Mistral AI models

With Mistral AI models on Vertex AI, you can access fully managed and serverless models as APIs. To use a Mistral AI model on Vertex AI, you send a request directly to the Vertex AI API endpoint. Since Mistral AI models use a managed API, you don't need to provision or manage any infrastructure.

This document provides an overview of the available Mistral AI models on Vertex AI and how to use them. It covers the following topics:

To reduce the perception of latency for end-users, you can stream responses. A streamed response uses server-sent events (SSE) to incrementally stream the response.

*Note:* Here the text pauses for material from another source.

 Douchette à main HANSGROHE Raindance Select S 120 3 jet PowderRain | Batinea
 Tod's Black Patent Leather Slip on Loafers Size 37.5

Mistral AI models are priced on a pay-as-you-go basis. For pricing details, see Mistral AI model pricing on the Vertex AI pricing page.

Model Description Use Case
Mistral OCR (25.05) An Optical Character Recognition (OCR) API for document understanding. Extracting text and understanding complex document elements like tables, charts, and mathematical expressions, especially for RAG systems.
Mistral Small 3.1 (25.03) A versatile and efficient model with multimodal capabilities and a large context window. Low-latency applications requiring chat, instruction following, programming, and understanding long documents.
Mistral Large (24.11) A powerful, multilingual model with advanced reasoning and agent-like capabilities. Complex tasks requiring agentic behavior, function calling, multilingual support, and advanced coding or reasoning.
Codestral (25.01) A specialized model designed for code generation and completion. Code generation, completion, and explanation across 80+ programming languages; building AI applications for developers.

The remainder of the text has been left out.